Records supplied =>
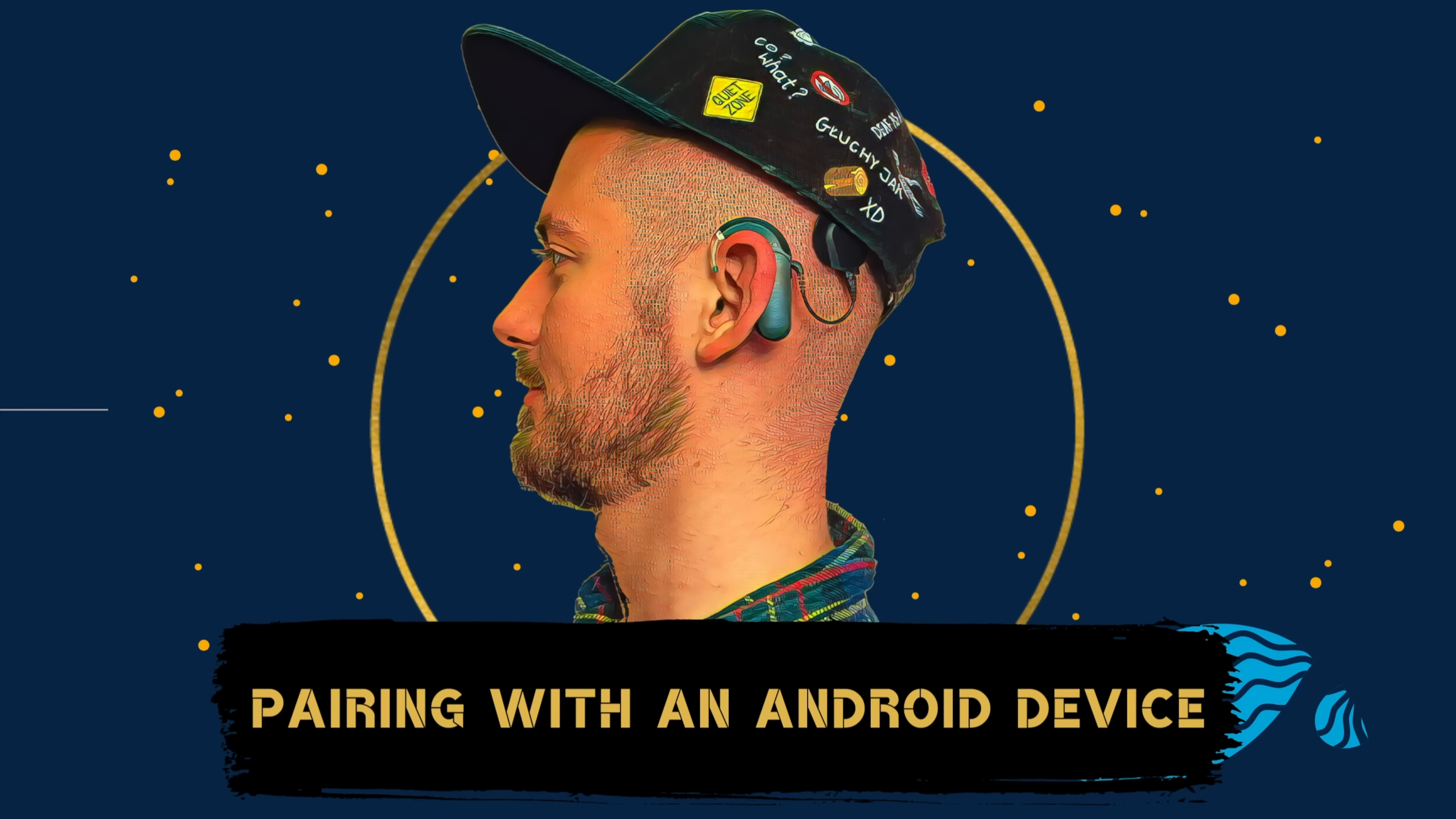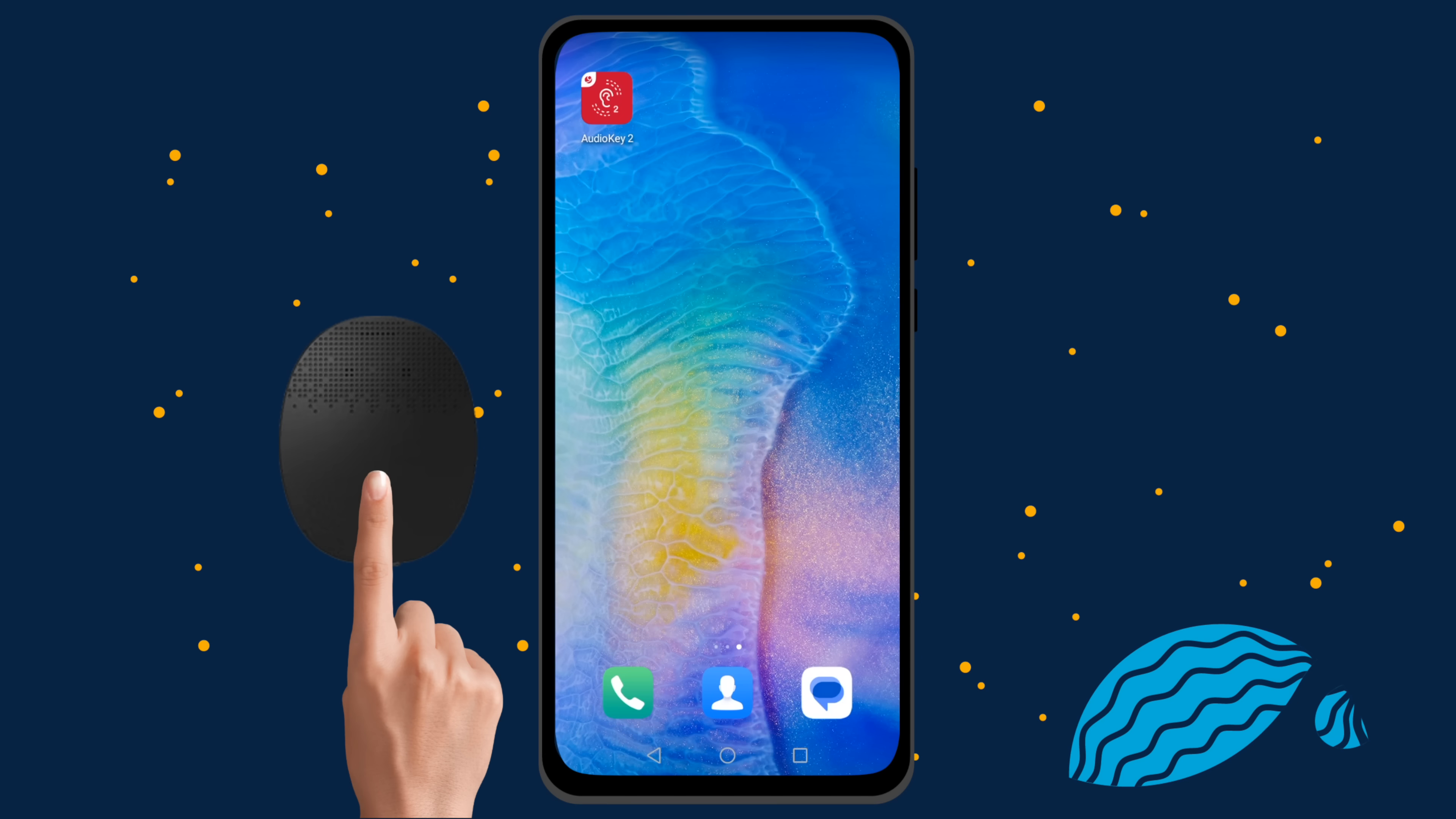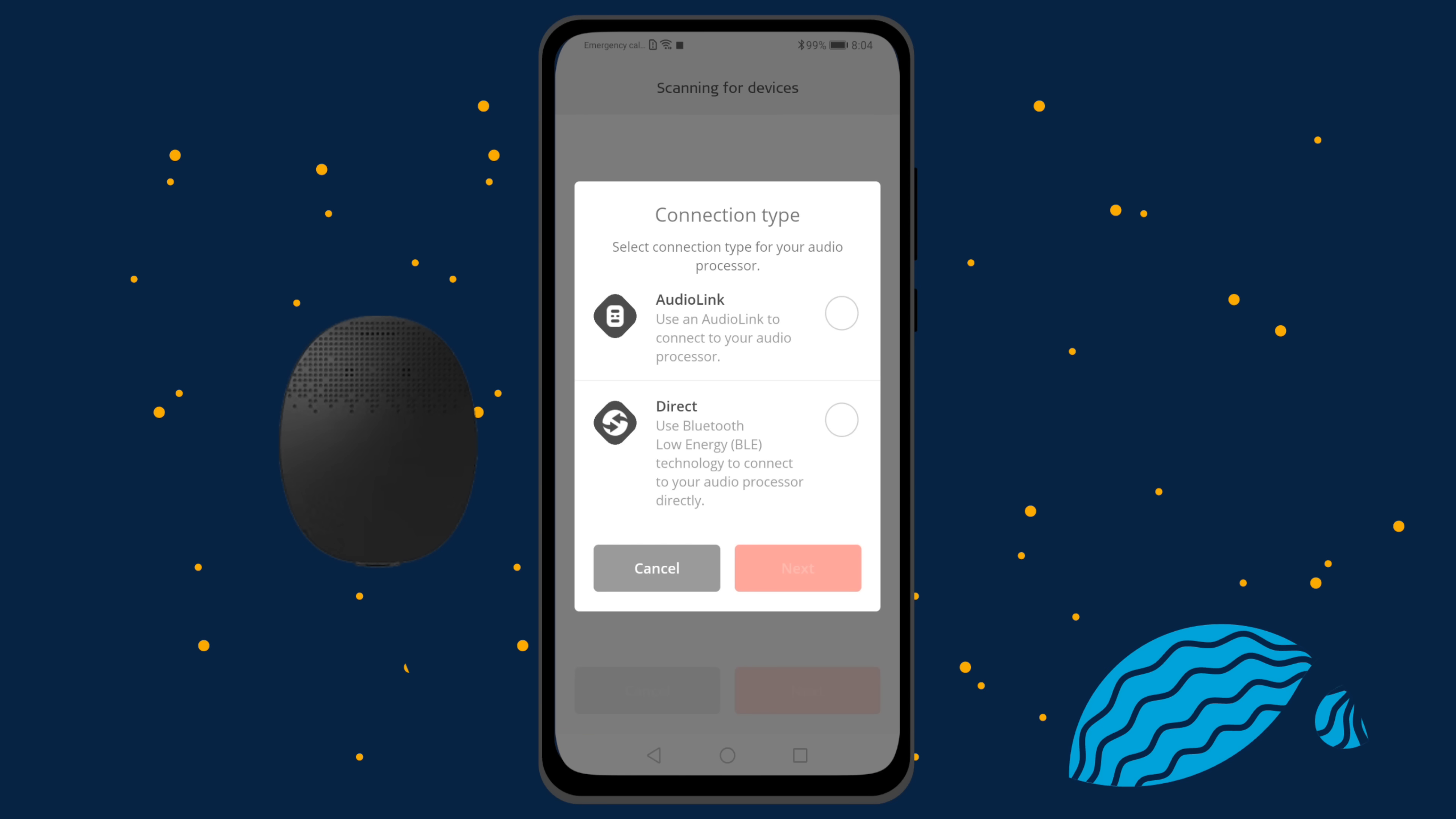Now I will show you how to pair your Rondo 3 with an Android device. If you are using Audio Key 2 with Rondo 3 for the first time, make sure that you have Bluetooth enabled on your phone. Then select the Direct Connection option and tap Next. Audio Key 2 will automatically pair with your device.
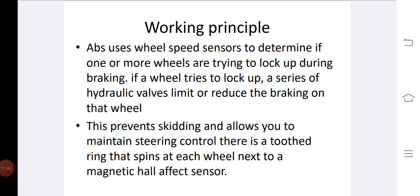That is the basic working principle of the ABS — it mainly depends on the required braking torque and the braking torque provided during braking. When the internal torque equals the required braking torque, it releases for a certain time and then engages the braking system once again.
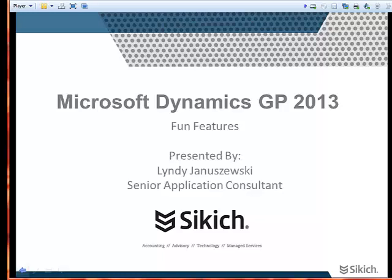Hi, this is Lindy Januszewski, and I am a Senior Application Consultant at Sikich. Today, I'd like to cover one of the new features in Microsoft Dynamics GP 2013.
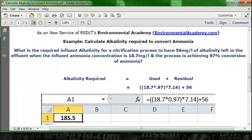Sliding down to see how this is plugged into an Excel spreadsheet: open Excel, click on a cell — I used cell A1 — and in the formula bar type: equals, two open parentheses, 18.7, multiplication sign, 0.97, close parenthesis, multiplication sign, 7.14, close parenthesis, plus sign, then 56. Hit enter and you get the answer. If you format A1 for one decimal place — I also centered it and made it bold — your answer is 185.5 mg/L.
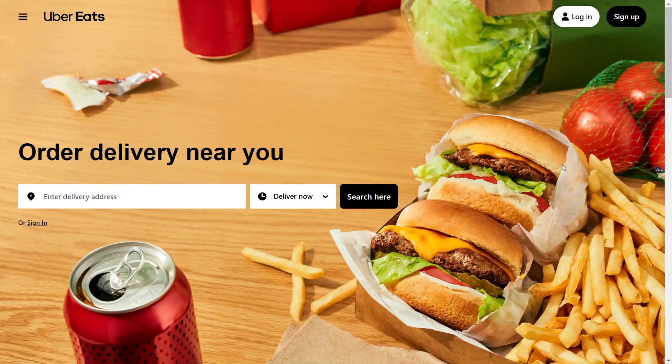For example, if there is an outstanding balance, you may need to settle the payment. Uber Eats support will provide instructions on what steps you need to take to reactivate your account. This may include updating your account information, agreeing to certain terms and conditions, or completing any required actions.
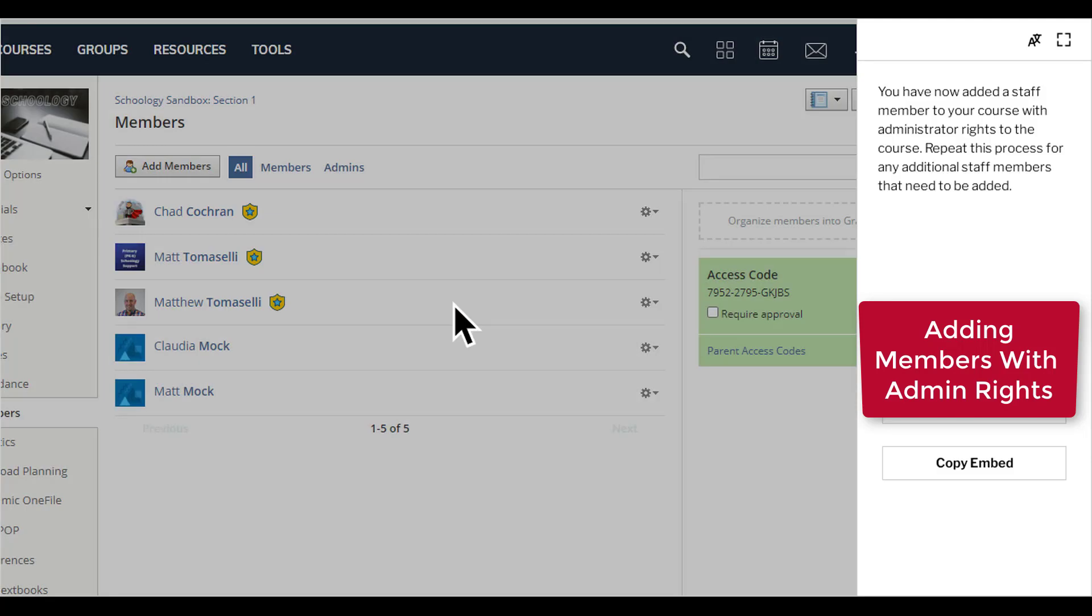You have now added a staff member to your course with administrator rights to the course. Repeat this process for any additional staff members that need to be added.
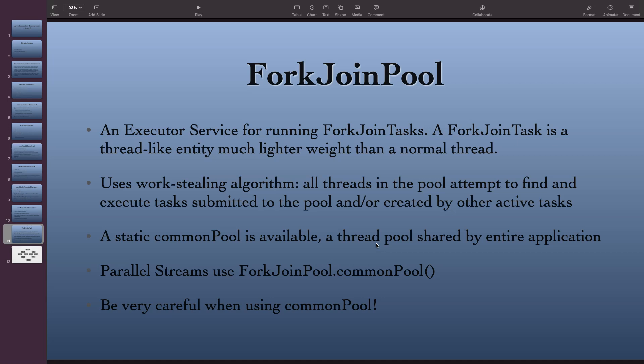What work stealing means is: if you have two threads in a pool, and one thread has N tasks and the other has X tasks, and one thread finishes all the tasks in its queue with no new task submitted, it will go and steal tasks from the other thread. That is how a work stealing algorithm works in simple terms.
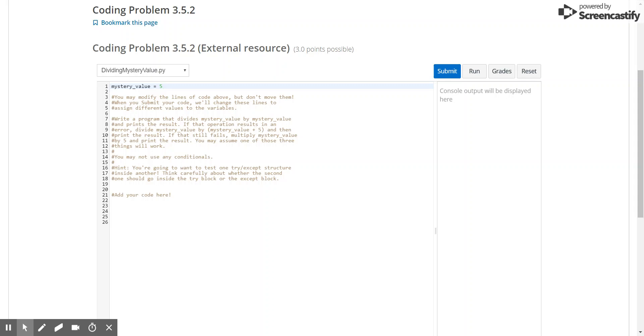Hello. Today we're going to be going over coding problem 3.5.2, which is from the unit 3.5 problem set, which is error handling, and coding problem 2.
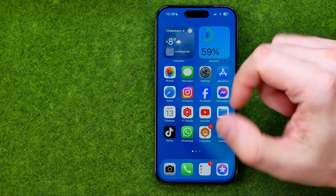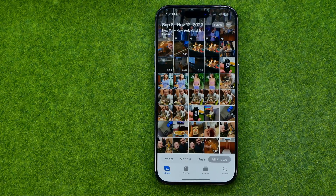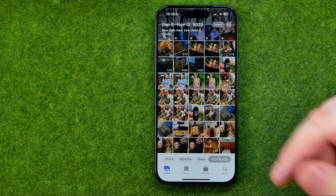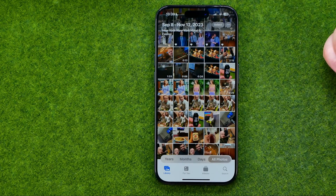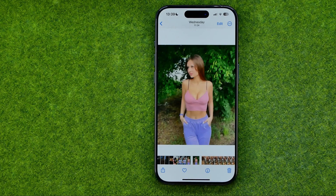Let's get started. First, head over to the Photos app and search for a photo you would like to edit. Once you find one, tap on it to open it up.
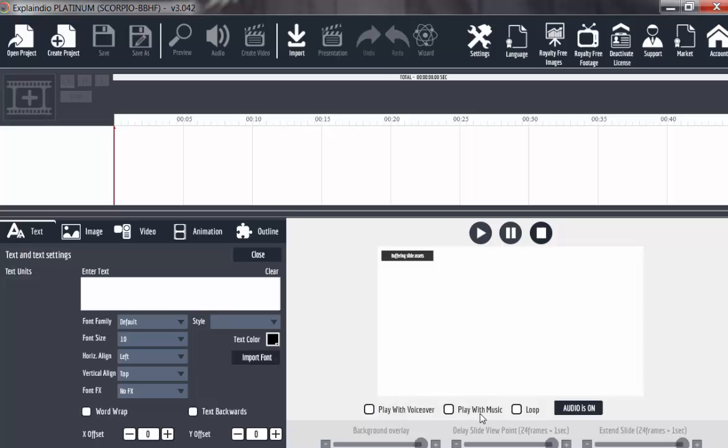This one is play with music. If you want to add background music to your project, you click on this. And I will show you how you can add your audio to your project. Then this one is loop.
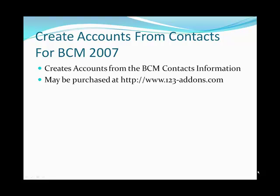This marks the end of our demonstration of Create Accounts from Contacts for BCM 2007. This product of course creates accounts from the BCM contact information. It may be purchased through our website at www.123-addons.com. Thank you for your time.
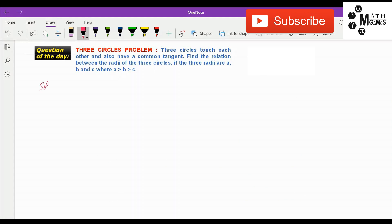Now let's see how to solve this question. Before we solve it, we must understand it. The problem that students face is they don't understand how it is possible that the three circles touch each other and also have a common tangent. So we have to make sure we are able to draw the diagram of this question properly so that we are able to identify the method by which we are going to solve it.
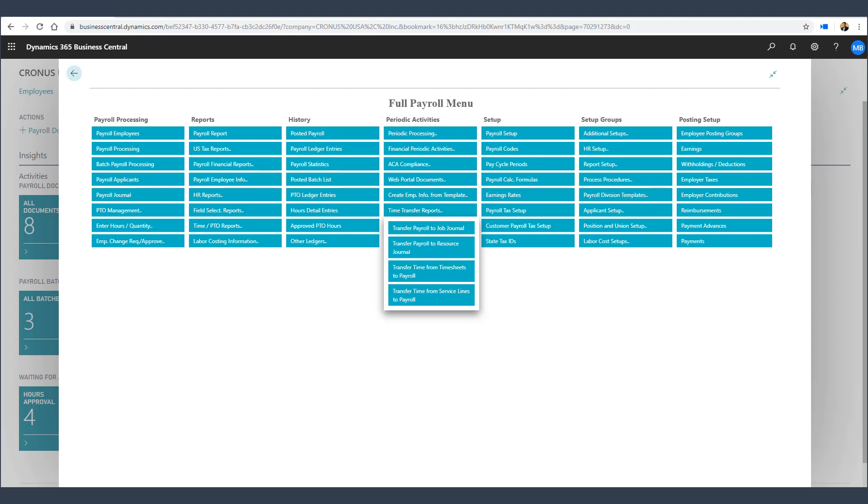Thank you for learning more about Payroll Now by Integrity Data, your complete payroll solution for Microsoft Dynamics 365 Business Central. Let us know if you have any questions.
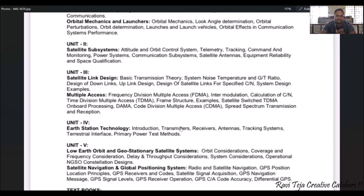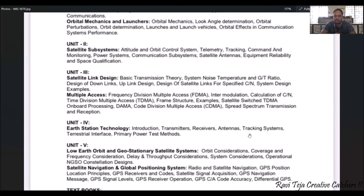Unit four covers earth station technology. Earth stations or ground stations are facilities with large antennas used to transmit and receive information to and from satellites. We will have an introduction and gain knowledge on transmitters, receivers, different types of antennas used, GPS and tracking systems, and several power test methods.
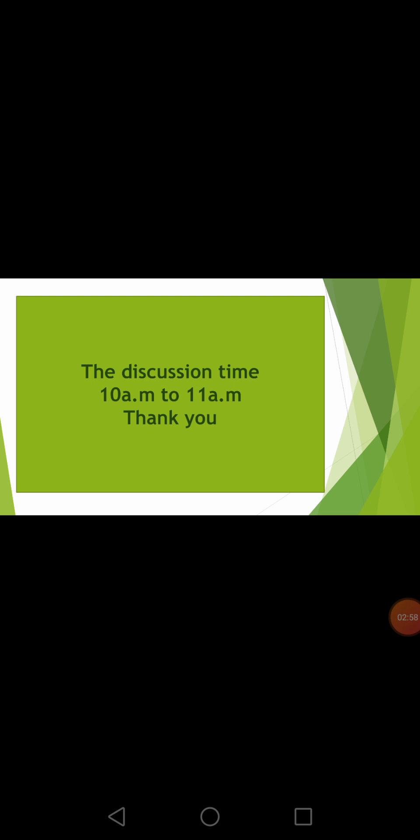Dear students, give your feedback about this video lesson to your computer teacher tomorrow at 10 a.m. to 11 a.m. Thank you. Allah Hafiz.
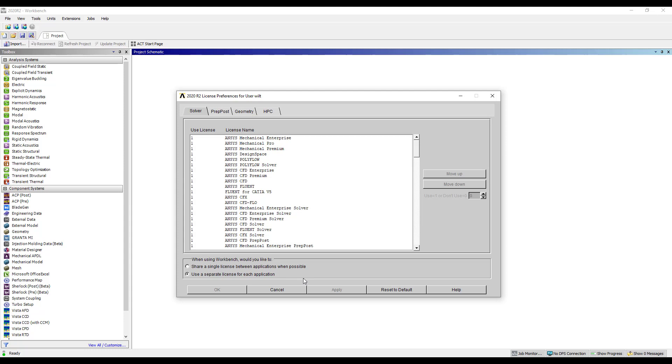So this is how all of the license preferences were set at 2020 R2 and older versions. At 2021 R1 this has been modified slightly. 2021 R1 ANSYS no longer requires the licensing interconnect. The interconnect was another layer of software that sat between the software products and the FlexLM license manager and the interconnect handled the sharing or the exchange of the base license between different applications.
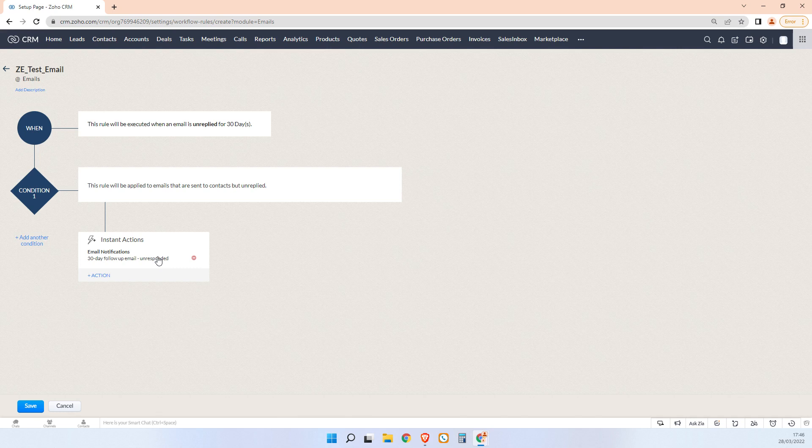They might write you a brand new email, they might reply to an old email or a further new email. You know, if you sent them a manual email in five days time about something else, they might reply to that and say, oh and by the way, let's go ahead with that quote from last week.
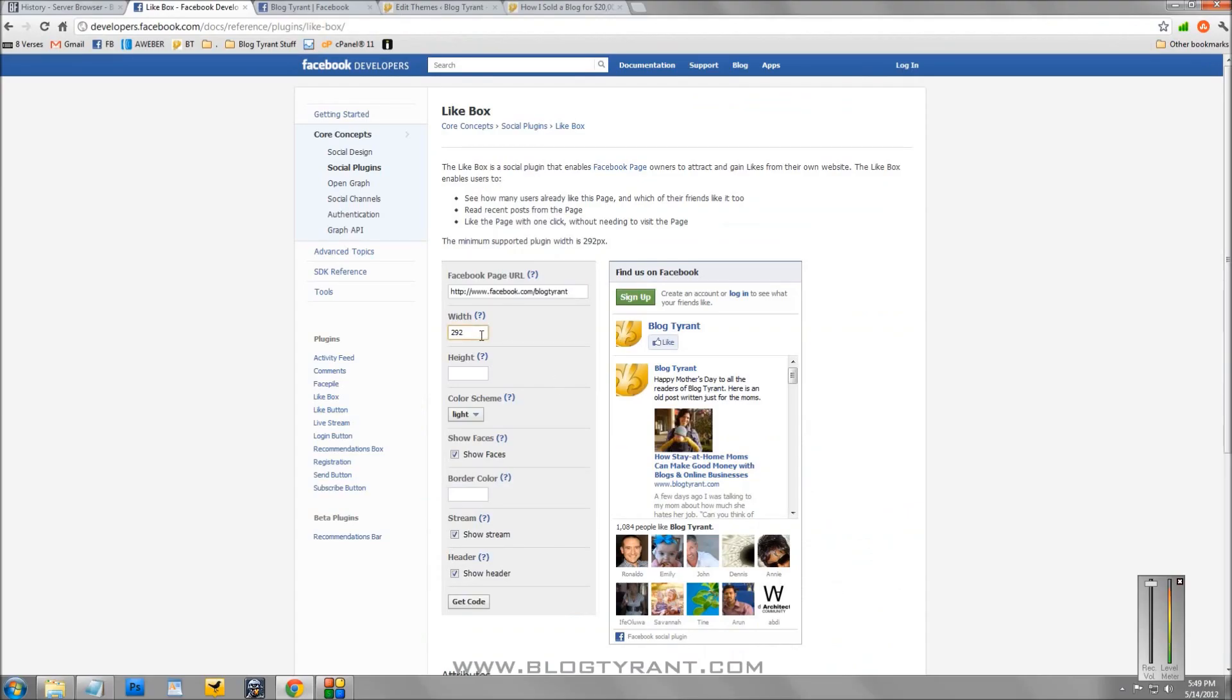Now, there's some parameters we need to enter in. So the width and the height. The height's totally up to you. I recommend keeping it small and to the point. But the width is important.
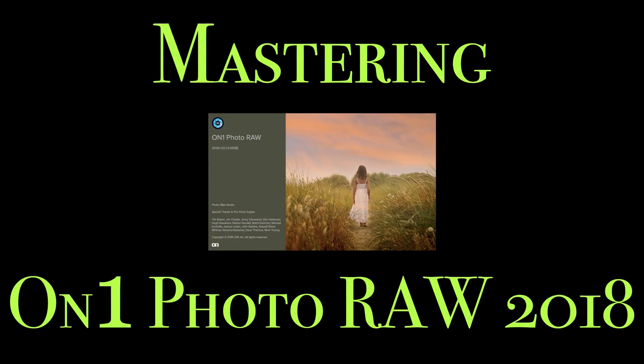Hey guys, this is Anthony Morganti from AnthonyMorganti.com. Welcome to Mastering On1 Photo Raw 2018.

Work to complete =>
Your job is to transcribe the records exactly and in full. Pictures are not part of the copy.

Solution to this exercise =>
Now I will show you how to pair your Rondo 3 with an Android device. If you are using Audio Key 2 with Rondo 3 for the first time, make sure that you have Bluetooth enabled on your phone. Then select the Direct Connection option and tap Next. Audio Key 2 will automatically pair with your device.
That is the basic working principle of the ABS — it mainly depends on the required braking torque and the braking torque provided during braking. When the internal torque equals the required braking torque, it releases for a certain time and then engages the braking system once again.
Hi, this is Lindy Januszewski, and I am a Senior Application Consultant at Sikich. Today, I'd like to cover one of the new features in Microsoft Dynamics GP 2013.
Sliding down to see how this is plugged into an Excel spreadsheet: open Excel, click on a cell — I used cell A1 — and in the formula bar type: equals, two open parentheses, 18.7, multiplication sign, 0.97, close parenthesis, multiplication sign, 7.14, close parenthesis, plus sign, then 56. Hit enter and you get the answer. If you format A1 for one decimal place — I also centered it and made it bold — your answer is 185.5 mg/L.
For example, if there is an outstanding balance, you may need to settle the payment. Uber Eats support will provide instructions on what steps you need to take to reactivate your account. This may include updating your account information, agreeing to certain terms and conditions, or completing any required actions.
You have now added a staff member to your course with administrator rights to the course. Repeat this process for any additional staff members that need to be added.
What work stealing means is: if you have two threads in a pool, and one thread has N tasks and the other has X tasks, and one thread finishes all the tasks in its queue with no new task submitted, it will go and steal tasks from the other thread. That is how a work stealing algorithm works in simple terms.
Hello. Today we're going to be going over coding problem 3.5.2, which is from the unit 3.5 problem set, which is error handling, and coding problem 2.
Let's get started. First, head over to the Photos app and search for a photo you would like to edit. Once you find one, tap on it to open it up.
This one is play with music. If you want to add background music to your project, you click on this. And I will show you how you can add your audio to your project. Then this one is loop.
This marks the end of our demonstration of Create Accounts from Contacts for BCM 2007. This product of course creates accounts from the BCM contact information. It may be purchased through our website at www.123-addons.com. Thank you for your time.
Now let's see how to solve this question. Before we solve it, we must understand it. The problem that students face is they don't understand how it is possible that the three circles touch each other and also have a common tangent. So we have to make sure we are able to draw the diagram of this question properly so that we are able to identify the method by which we are going to solve it.
Thank you for learning more about Payroll Now by Integrity Data, your complete payroll solution for Microsoft Dynamics 365 Business Central. Let us know if you have any questions.
Unit four covers earth station technology. Earth stations or ground stations are facilities with large antennas used to transmit and receive information to and from satellites. We will have an introduction and gain knowledge on transmitters, receivers, different types of antennas used, GPS and tracking systems, and several power test methods.
Dear students, give your feedback about this video lesson to your computer teacher tomorrow at 10 a.m. to 11 a.m. Thank you. Allah Hafiz.
So this is how all of the license preferences were set at 2020 R2 and older versions. At 2021 R1 this has been modified slightly. 2021 R1 ANSYS no longer requires the licensing interconnect. The interconnect was another layer of software that sat between the software products and the FlexLM license manager and the interconnect handled the sharing or the exchange of the base license between different applications.
They might write you a brand new email, they might reply to an old email or a further new email. You know, if you sent them a manual email in five days time about something else, they might reply to that and say, oh and by the way, let's go ahead with that quote from last week.
Now, there's some parameters we need to enter in. So the width and the height. The height's totally up to you. I recommend keeping it small and to the point. But the width is important.
Hey guys, this is Anthony Morganti from AnthonyMorganti.com. Welcome to Mastering On1 Photo Raw 2018.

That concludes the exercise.